* GIVEN RECORDS:
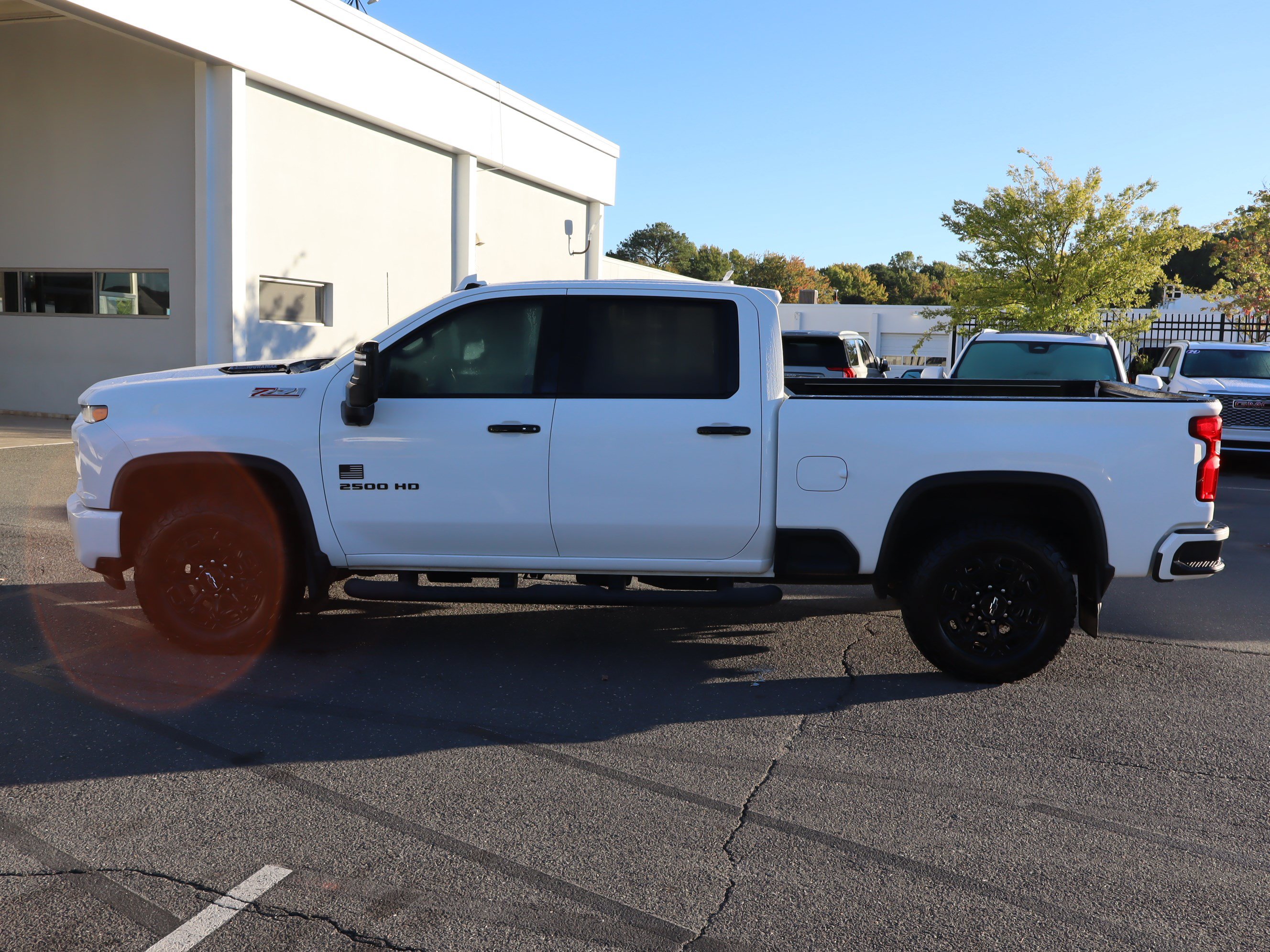 Used 2022 Chevrolet Silverado 2500 LTZ w/ LTZ Plus Package AWD/4WD image 8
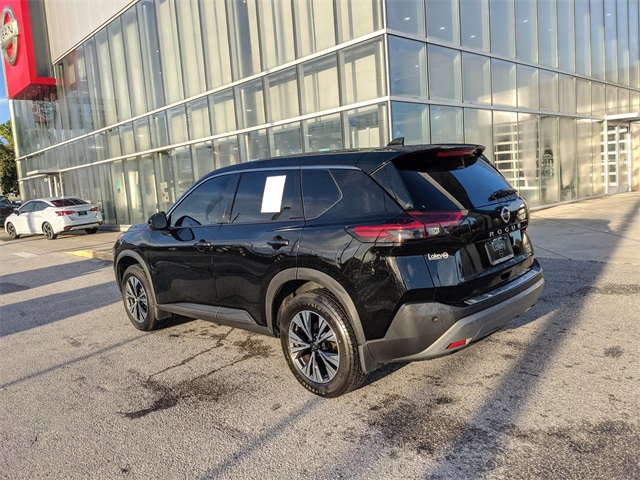 2021 Nissan Rogue SV photo 3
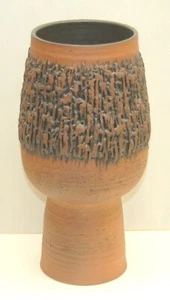 Vintage MCM Brutalist Etched Sculptured Vase Signed Mitchell 11" Tall - Picture 1 of 7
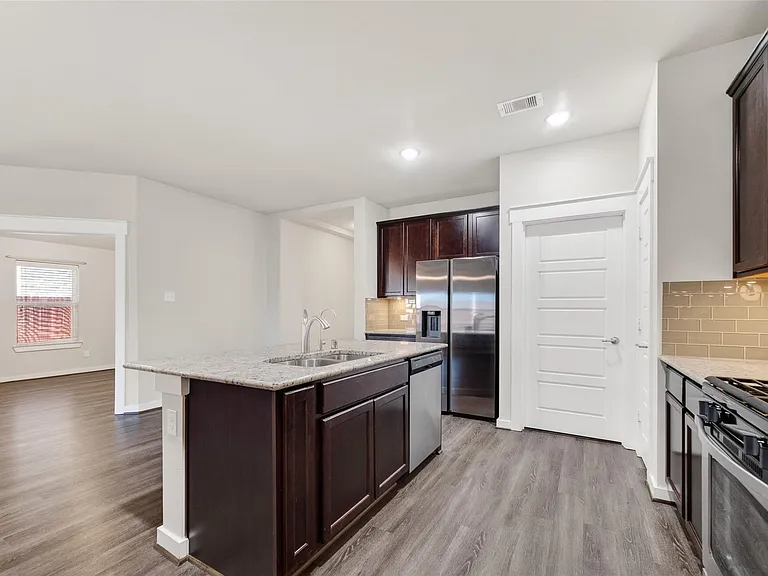 12322 Sabine Point Dr — Photo 7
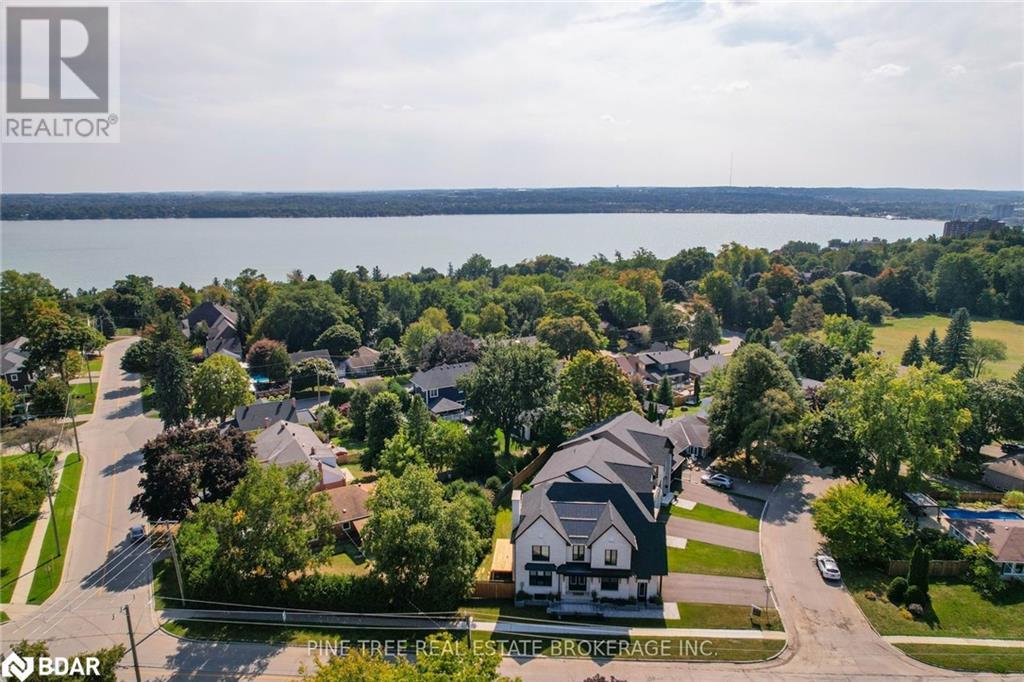 271 Codrington Street Street, Barrie, Ontario  L4M 1S7 - Photo 36 - 40688119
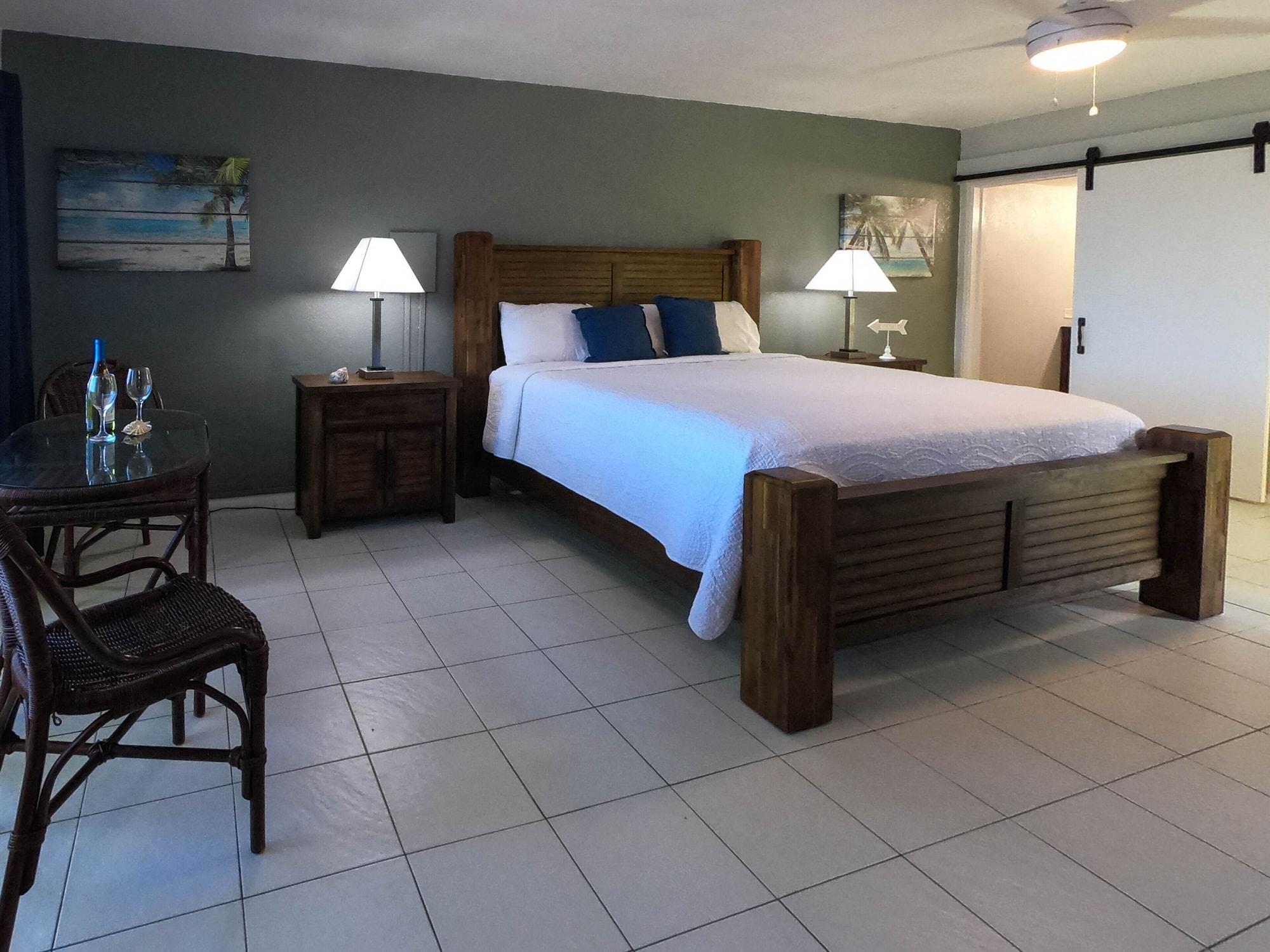 The Palms At Pelican Cove (adults Only) Hotel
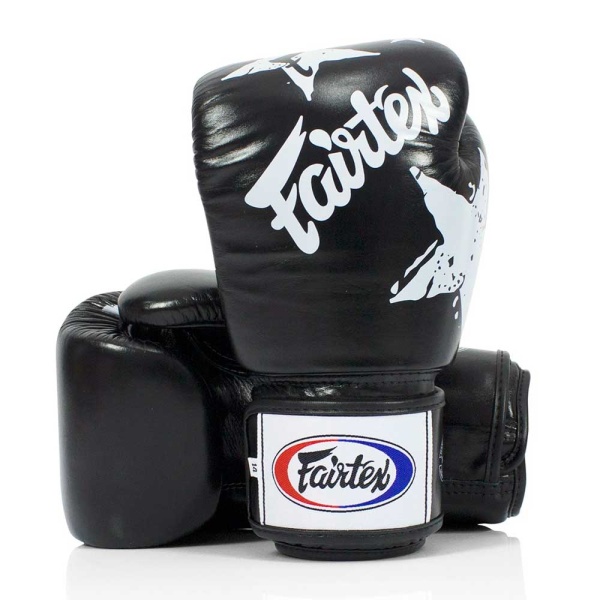 Боксерские перчатки Fairtex BGV1 Nation Print, тренировочные, чёрный – фото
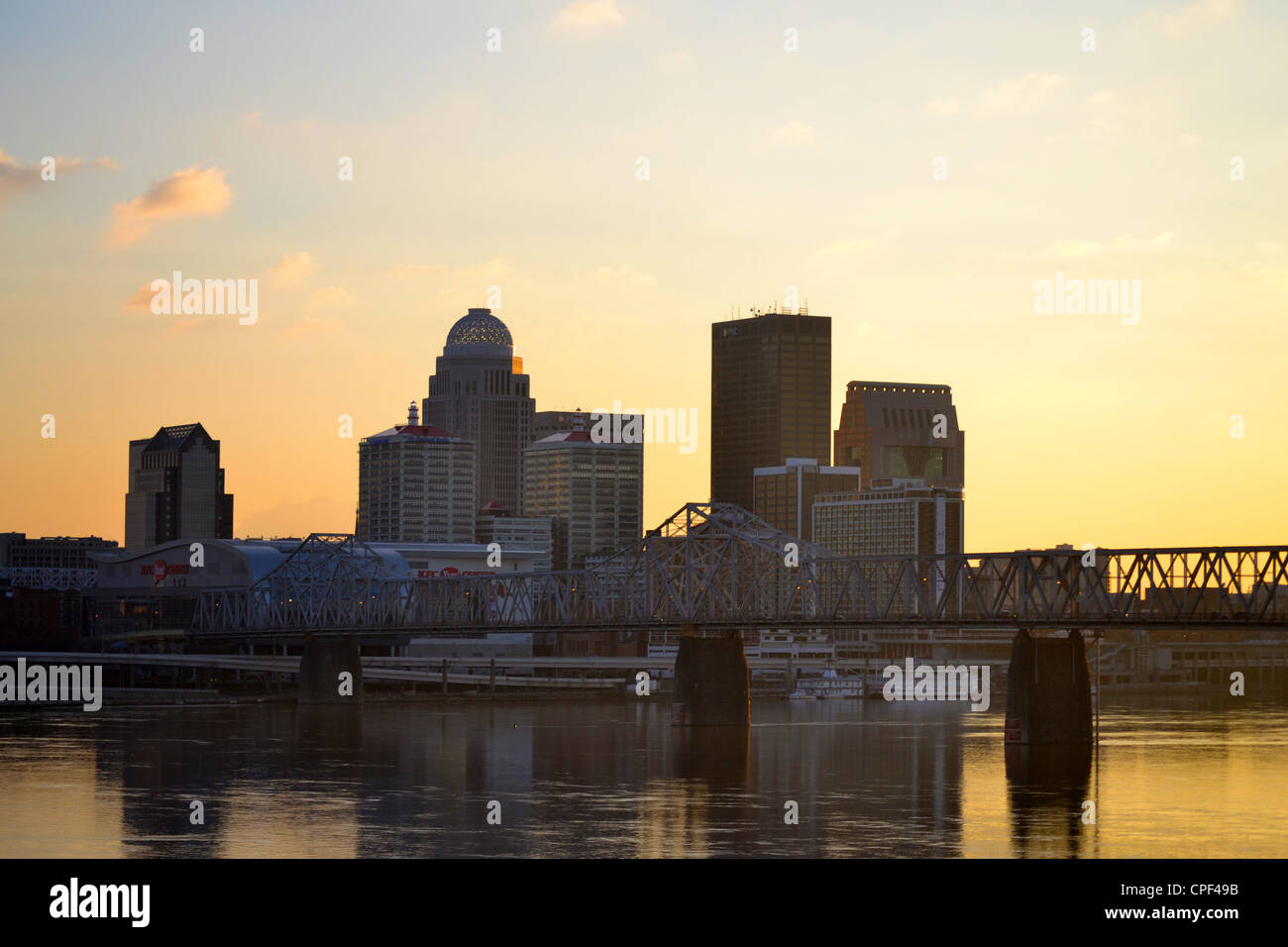 Louisville, Kentucky skyline al tramonto Foto Stock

* TASK GOAL: Copy the records exactly, leaving out every picture.

* EXERCISE ANSWER:
 Used 2022 Chevrolet Silverado 2500 LTZ w/ LTZ Plus Package AWD/4WD image 8
 2021 Nissan Rogue SV photo 3
 Vintage MCM Brutalist Etched Sculptured Vase Signed Mitchell 11" Tall - Picture 1 of 7
 12322 Sabine Point Dr — Photo 7
 271 Codrington Street Street, Barrie, Ontario  L4M 1S7 - Photo 36 - 40688119
 The Palms At Pelican Cove (adults Only) Hotel
 Боксерские перчатки Fairtex BGV1 Nation Print, тренировочные, чёрный – фото
 Louisville, Kentucky skyline al tramonto Foto Stock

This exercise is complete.